(Exercise requirements):
The lines of the records that include "Gdansk" should all be copied.
───── Record set
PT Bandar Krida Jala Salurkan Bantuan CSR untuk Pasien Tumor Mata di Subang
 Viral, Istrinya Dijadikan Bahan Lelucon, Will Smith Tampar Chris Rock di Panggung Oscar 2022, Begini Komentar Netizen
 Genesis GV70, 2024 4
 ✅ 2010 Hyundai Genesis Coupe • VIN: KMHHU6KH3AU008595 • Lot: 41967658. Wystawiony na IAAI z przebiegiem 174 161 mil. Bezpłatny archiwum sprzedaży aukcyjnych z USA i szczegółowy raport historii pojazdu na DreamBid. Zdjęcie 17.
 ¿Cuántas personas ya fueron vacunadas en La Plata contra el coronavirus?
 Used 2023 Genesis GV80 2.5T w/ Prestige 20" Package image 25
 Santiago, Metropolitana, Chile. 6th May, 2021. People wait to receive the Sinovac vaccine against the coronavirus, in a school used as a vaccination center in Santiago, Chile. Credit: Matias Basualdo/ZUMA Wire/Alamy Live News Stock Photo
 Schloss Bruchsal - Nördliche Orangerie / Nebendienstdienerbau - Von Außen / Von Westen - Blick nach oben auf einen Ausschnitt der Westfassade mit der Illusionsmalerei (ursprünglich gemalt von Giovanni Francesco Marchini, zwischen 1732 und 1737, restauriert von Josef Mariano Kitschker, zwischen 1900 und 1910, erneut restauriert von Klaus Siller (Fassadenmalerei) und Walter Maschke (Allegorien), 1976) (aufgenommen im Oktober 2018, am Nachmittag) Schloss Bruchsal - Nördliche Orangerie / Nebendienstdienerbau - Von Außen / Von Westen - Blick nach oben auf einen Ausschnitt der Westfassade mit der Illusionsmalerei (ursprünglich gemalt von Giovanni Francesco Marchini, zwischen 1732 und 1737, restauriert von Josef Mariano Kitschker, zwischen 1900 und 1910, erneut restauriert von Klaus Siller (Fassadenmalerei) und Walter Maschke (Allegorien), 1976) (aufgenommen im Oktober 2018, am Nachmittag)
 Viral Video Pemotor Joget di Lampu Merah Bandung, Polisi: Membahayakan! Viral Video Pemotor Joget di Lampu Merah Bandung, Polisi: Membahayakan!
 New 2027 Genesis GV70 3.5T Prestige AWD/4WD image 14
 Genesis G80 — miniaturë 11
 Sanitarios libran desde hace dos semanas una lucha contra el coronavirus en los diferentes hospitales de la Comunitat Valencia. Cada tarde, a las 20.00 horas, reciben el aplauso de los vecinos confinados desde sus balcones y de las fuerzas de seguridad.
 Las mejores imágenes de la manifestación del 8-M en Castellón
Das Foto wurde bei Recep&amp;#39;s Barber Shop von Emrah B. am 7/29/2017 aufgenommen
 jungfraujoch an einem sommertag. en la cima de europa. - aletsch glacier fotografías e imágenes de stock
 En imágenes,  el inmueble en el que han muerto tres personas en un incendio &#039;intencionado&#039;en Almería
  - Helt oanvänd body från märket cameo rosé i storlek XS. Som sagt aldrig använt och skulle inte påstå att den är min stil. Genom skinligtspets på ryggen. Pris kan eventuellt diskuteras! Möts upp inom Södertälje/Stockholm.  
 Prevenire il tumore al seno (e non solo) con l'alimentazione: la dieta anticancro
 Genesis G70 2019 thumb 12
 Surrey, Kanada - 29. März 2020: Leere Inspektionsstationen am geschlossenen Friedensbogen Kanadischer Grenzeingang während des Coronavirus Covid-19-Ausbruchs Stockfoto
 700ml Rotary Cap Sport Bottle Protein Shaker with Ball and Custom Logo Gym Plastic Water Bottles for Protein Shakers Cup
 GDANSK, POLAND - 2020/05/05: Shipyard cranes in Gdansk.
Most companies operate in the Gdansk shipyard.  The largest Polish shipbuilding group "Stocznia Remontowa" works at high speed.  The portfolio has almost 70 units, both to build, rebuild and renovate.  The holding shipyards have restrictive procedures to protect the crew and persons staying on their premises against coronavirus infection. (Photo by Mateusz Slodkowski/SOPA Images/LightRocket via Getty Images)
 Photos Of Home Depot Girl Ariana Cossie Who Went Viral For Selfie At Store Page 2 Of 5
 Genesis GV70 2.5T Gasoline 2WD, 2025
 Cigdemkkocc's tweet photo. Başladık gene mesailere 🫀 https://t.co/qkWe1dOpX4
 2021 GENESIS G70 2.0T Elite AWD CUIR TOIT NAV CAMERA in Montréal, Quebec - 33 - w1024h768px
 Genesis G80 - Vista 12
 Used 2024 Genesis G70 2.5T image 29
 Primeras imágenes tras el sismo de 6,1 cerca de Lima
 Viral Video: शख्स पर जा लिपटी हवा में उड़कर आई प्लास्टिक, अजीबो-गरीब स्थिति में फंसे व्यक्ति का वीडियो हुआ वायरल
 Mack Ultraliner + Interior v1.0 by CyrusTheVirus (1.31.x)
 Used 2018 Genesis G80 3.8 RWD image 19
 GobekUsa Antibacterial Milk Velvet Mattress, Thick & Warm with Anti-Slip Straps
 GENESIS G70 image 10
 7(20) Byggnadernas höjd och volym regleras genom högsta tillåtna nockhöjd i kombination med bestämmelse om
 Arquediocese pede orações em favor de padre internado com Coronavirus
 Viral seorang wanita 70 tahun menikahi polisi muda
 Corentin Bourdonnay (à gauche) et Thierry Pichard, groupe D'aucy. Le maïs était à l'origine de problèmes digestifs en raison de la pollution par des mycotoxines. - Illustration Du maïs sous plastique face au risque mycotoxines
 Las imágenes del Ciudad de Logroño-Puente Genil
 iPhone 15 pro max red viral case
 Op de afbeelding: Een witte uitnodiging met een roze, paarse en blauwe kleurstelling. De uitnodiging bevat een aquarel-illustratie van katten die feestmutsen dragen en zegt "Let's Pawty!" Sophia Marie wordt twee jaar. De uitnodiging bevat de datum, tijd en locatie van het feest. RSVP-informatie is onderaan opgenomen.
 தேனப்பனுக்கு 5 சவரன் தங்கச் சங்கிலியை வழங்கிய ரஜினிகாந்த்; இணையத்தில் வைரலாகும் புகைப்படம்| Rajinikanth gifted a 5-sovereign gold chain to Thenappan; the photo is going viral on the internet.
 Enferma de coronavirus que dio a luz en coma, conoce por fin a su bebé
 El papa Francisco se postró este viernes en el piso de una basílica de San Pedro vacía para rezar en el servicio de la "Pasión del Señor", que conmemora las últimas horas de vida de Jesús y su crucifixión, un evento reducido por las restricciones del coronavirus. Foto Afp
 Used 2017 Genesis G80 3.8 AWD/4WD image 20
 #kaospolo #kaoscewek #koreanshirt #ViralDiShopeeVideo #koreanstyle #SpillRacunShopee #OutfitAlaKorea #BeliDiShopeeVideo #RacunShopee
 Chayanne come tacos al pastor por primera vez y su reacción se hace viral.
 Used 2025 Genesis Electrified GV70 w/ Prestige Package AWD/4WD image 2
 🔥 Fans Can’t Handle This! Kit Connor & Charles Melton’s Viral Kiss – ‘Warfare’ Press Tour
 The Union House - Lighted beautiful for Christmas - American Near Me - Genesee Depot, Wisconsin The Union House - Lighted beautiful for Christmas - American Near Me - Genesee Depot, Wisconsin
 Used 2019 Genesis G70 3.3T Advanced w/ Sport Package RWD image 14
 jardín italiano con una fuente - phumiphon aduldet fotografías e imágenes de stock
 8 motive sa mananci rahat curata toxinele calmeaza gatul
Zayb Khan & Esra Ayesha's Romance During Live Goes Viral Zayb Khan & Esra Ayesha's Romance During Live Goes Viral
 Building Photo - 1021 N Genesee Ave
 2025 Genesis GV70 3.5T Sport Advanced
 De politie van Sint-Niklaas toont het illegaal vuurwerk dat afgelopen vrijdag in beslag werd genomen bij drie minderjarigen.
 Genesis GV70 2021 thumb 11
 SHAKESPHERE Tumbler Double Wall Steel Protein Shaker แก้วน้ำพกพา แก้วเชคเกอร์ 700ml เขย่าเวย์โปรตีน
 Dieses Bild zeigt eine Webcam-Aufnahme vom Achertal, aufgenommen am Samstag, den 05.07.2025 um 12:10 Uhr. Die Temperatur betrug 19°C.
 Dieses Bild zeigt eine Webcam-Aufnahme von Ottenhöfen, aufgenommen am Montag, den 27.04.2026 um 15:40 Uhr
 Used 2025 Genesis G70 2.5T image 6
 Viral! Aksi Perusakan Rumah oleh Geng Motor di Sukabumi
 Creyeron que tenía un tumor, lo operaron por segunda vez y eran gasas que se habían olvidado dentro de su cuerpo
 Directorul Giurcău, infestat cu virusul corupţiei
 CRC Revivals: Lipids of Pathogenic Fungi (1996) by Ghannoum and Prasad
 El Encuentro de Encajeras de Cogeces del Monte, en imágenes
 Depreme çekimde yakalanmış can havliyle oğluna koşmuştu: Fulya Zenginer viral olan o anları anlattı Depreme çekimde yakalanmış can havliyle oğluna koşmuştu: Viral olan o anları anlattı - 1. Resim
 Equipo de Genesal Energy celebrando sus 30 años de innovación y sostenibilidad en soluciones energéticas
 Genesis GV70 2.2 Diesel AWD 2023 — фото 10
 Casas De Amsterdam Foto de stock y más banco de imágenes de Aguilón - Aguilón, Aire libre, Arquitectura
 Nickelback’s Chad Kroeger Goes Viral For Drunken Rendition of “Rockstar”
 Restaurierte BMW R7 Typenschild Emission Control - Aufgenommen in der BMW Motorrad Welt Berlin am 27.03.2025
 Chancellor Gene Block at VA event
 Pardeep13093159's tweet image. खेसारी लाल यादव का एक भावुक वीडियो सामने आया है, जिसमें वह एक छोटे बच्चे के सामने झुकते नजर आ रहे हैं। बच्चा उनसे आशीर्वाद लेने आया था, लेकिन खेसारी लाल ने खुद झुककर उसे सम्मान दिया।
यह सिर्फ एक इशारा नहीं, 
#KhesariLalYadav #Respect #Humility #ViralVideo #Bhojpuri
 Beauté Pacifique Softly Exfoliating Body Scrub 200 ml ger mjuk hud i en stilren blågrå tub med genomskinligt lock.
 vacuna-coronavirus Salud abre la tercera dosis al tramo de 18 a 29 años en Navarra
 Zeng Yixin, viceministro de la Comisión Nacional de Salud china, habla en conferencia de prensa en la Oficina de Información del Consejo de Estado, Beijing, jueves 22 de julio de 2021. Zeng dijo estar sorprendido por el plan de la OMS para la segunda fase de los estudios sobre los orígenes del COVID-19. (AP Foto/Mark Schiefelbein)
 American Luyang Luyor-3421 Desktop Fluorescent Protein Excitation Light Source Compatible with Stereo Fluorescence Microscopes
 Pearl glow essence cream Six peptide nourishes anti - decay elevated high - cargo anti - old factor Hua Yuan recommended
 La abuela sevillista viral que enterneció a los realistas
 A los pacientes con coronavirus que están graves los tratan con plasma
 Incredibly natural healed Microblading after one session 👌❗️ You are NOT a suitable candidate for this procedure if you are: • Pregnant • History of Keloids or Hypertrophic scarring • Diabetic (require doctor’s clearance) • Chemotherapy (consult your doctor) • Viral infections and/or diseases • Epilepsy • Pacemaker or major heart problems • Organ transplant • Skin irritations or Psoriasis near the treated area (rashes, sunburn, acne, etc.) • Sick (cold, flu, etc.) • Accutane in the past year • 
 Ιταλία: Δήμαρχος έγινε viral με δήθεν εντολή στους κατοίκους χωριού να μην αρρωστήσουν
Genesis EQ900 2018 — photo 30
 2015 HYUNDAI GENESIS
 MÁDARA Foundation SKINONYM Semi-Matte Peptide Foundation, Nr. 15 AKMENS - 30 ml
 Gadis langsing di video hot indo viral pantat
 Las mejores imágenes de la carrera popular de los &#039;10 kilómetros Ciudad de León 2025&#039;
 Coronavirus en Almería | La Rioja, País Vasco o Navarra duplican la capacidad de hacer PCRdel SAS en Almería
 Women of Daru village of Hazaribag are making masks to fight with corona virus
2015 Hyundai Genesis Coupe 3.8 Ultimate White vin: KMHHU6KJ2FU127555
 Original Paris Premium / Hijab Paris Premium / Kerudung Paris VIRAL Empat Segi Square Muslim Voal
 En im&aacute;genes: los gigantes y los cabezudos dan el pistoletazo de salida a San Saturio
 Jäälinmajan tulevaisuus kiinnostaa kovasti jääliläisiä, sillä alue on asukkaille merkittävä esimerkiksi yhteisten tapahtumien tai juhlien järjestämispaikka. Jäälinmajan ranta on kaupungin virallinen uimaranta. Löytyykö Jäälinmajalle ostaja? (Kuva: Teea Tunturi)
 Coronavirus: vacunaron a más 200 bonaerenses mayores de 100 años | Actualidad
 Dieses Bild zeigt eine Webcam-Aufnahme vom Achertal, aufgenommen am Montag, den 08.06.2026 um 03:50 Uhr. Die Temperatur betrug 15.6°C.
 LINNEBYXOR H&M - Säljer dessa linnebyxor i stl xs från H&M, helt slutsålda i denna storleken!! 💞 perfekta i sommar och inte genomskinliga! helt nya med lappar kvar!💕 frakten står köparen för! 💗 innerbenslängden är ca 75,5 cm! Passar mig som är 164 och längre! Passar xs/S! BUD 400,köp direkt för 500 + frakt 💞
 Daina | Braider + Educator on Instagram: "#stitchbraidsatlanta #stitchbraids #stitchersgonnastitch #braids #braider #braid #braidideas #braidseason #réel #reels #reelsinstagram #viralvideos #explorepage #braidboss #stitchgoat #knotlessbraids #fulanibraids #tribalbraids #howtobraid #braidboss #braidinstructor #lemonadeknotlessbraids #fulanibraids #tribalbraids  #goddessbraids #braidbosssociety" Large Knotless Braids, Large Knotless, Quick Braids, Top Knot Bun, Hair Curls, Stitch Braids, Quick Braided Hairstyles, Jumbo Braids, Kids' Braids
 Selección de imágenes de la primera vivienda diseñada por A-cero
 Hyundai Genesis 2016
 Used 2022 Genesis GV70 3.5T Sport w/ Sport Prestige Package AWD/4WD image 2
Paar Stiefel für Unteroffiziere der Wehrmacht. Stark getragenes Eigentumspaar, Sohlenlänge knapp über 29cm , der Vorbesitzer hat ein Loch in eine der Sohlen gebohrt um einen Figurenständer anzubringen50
──────────
(Response):
 GDANSK, POLAND - 2020/05/05: Shipyard cranes in Gdansk.
Most companies operate in the Gdansk shipyard.  The largest Polish shipbuilding group "Stocznia Remontowa" works at high speed.  The portfolio has almost 70 units, both to build, rebuild and renovate.  The holding shipyards have restrictive procedures to protect the crew and persons staying on their premises against coronavirus infection. (Photo by Mateusz Slodkowski/SOPA Images/LightRocket via Getty Images)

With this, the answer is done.